● **What the task requires**
Exact copies of all the records are to be output.

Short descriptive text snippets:
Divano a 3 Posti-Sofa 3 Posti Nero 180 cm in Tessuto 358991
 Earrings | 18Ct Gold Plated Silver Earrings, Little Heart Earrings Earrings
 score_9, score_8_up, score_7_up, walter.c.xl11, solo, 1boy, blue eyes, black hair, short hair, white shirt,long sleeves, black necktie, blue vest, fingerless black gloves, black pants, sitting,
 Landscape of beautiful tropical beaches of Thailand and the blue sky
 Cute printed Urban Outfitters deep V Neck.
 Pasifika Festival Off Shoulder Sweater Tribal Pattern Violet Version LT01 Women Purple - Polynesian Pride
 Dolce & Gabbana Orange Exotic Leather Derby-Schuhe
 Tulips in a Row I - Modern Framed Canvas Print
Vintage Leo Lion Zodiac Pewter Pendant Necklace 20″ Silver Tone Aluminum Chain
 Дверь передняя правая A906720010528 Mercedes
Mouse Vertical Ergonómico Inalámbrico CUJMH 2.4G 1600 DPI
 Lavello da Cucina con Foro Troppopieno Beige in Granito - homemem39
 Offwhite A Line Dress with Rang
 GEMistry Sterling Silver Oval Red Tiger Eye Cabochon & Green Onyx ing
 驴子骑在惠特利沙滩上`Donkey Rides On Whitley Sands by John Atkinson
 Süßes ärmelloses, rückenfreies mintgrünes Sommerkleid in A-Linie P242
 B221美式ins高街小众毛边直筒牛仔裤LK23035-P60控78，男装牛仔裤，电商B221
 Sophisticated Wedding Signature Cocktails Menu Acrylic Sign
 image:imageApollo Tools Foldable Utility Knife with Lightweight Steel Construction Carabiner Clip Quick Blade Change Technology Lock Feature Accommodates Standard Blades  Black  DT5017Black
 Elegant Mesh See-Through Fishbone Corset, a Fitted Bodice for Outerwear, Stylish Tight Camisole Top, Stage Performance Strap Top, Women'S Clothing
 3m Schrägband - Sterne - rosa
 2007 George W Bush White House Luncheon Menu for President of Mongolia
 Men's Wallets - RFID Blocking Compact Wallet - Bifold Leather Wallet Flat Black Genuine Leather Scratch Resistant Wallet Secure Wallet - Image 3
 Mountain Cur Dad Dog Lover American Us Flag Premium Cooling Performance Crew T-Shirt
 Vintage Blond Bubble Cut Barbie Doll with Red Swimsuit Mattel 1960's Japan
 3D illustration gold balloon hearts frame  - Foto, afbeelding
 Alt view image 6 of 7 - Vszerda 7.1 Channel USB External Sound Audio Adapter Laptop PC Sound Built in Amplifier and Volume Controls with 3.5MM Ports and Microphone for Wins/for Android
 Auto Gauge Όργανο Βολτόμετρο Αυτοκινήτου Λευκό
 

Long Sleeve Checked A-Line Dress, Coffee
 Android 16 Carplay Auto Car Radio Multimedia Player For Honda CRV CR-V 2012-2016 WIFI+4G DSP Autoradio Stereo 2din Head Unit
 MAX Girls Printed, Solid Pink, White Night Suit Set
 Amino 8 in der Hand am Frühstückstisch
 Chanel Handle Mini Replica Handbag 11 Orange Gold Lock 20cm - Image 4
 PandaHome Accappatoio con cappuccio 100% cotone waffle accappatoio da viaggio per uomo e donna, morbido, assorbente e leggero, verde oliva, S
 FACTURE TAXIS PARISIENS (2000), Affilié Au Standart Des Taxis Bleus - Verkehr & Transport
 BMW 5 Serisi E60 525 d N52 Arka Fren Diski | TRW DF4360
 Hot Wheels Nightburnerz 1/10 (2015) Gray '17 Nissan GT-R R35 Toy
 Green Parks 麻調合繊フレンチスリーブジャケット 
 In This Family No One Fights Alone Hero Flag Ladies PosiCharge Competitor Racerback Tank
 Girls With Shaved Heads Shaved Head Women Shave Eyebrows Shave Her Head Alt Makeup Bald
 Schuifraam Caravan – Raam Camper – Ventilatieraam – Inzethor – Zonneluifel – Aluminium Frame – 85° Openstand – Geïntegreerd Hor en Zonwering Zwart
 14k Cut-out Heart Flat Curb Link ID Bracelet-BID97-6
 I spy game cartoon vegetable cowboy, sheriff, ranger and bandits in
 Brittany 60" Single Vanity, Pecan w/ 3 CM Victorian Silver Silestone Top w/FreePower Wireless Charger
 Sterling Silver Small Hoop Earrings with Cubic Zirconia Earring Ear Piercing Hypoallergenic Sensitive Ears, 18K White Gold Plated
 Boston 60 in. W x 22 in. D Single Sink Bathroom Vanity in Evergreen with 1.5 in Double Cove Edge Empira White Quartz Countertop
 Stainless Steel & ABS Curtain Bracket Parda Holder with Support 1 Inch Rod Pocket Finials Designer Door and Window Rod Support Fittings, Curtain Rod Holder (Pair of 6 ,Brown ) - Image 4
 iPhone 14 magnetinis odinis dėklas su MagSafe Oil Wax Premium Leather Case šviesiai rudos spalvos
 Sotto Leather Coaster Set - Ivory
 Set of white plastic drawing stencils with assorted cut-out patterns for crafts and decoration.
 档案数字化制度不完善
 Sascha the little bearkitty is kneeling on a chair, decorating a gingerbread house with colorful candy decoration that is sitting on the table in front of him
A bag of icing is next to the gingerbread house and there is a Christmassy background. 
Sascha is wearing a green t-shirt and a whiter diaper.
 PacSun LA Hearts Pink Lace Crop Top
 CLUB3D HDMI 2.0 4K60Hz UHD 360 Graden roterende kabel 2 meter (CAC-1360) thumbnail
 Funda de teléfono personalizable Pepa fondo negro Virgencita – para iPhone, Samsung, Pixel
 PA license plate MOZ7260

● **Solution for this problem**
Divano a 3 Posti-Sofa 3 Posti Nero 180 cm in Tessuto 358991
 Earrings | 18Ct Gold Plated Silver Earrings, Little Heart Earrings Earrings
 score_9, score_8_up, score_7_up, walter.c.xl11, solo, 1boy, blue eyes, black hair, short hair, white shirt,long sleeves, black necktie, blue vest, fingerless black gloves, black pants, sitting,
 Landscape of beautiful tropical beaches of Thailand and the blue sky
 Cute printed Urban Outfitters deep V Neck.
 Pasifika Festival Off Shoulder Sweater Tribal Pattern Violet Version LT01 Women Purple - Polynesian Pride
 Dolce & Gabbana Orange Exotic Leather Derby-Schuhe
 Tulips in a Row I - Modern Framed Canvas Print
Vintage Leo Lion Zodiac Pewter Pendant Necklace 20″ Silver Tone Aluminum Chain
 Дверь передняя правая A906720010528 Mercedes
Mouse Vertical Ergonómico Inalámbrico CUJMH 2.4G 1600 DPI
 Lavello da Cucina con Foro Troppopieno Beige in Granito - homemem39
 Offwhite A Line Dress with Rang
 GEMistry Sterling Silver Oval Red Tiger Eye Cabochon & Green Onyx ing
 驴子骑在惠特利沙滩上`Donkey Rides On Whitley Sands by John Atkinson
 Süßes ärmelloses, rückenfreies mintgrünes Sommerkleid in A-Linie P242
 B221美式ins高街小众毛边直筒牛仔裤LK23035-P60控78，男装牛仔裤，电商B221
 Sophisticated Wedding Signature Cocktails Menu Acrylic Sign
 image:imageApollo Tools Foldable Utility Knife with Lightweight Steel Construction Carabiner Clip Quick Blade Change Technology Lock Feature Accommodates Standard Blades  Black  DT5017Black
 Elegant Mesh See-Through Fishbone Corset, a Fitted Bodice for Outerwear, Stylish Tight Camisole Top, Stage Performance Strap Top, Women'S Clothing
 3m Schrägband - Sterne - rosa
 2007 George W Bush White House Luncheon Menu for President of Mongolia
 Men's Wallets - RFID Blocking Compact Wallet - Bifold Leather Wallet Flat Black Genuine Leather Scratch Resistant Wallet Secure Wallet - Image 3
 Mountain Cur Dad Dog Lover American Us Flag Premium Cooling Performance Crew T-Shirt
 Vintage Blond Bubble Cut Barbie Doll with Red Swimsuit Mattel 1960's Japan
 3D illustration gold balloon hearts frame  - Foto, afbeelding
 Alt view image 6 of 7 - Vszerda 7.1 Channel USB External Sound Audio Adapter Laptop PC Sound Built in Amplifier and Volume Controls with 3.5MM Ports and Microphone for Wins/for Android
 Auto Gauge Όργανο Βολτόμετρο Αυτοκινήτου Λευκό
 

Long Sleeve Checked A-Line Dress, Coffee
 Android 16 Carplay Auto Car Radio Multimedia Player For Honda CRV CR-V 2012-2016 WIFI+4G DSP Autoradio Stereo 2din Head Unit
 MAX Girls Printed, Solid Pink, White Night Suit Set
 Amino 8 in der Hand am Frühstückstisch
 Chanel Handle Mini Replica Handbag 11 Orange Gold Lock 20cm - Image 4
 PandaHome Accappatoio con cappuccio 100% cotone waffle accappatoio da viaggio per uomo e donna, morbido, assorbente e leggero, verde oliva, S
 FACTURE TAXIS PARISIENS (2000), Affilié Au Standart Des Taxis Bleus - Verkehr & Transport
 BMW 5 Serisi E60 525 d N52 Arka Fren Diski | TRW DF4360
 Hot Wheels Nightburnerz 1/10 (2015) Gray '17 Nissan GT-R R35 Toy
 Green Parks 麻調合繊フレンチスリーブジャケット 
 In This Family No One Fights Alone Hero Flag Ladies PosiCharge Competitor Racerback Tank
 Girls With Shaved Heads Shaved Head Women Shave Eyebrows Shave Her Head Alt Makeup Bald
 Schuifraam Caravan – Raam Camper – Ventilatieraam – Inzethor – Zonneluifel – Aluminium Frame – 85° Openstand – Geïntegreerd Hor en Zonwering Zwart
 14k Cut-out Heart Flat Curb Link ID Bracelet-BID97-6
 I spy game cartoon vegetable cowboy, sheriff, ranger and bandits in
 Brittany 60" Single Vanity, Pecan w/ 3 CM Victorian Silver Silestone Top w/FreePower Wireless Charger
 Sterling Silver Small Hoop Earrings with Cubic Zirconia Earring Ear Piercing Hypoallergenic Sensitive Ears, 18K White Gold Plated
 Boston 60 in. W x 22 in. D Single Sink Bathroom Vanity in Evergreen with 1.5 in Double Cove Edge Empira White Quartz Countertop
 Stainless Steel & ABS Curtain Bracket Parda Holder with Support 1 Inch Rod Pocket Finials Designer Door and Window Rod Support Fittings, Curtain Rod Holder (Pair of 6 ,Brown ) - Image 4
 iPhone 14 magnetinis odinis dėklas su MagSafe Oil Wax Premium Leather Case šviesiai rudos spalvos
 Sotto Leather Coaster Set - Ivory
 Set of white plastic drawing stencils with assorted cut-out patterns for crafts and decoration.
 档案数字化制度不完善
 Sascha the little bearkitty is kneeling on a chair, decorating a gingerbread house with colorful candy decoration that is sitting on the table in front of him
A bag of icing is next to the gingerbread house and there is a Christmassy background. 
Sascha is wearing a green t-shirt and a whiter diaper.
 PacSun LA Hearts Pink Lace Crop Top
 CLUB3D HDMI 2.0 4K60Hz UHD 360 Graden roterende kabel 2 meter (CAC-1360) thumbnail
 Funda de teléfono personalizable Pepa fondo negro Virgencita – para iPhone, Samsung, Pixel
 PA license plate MOZ7260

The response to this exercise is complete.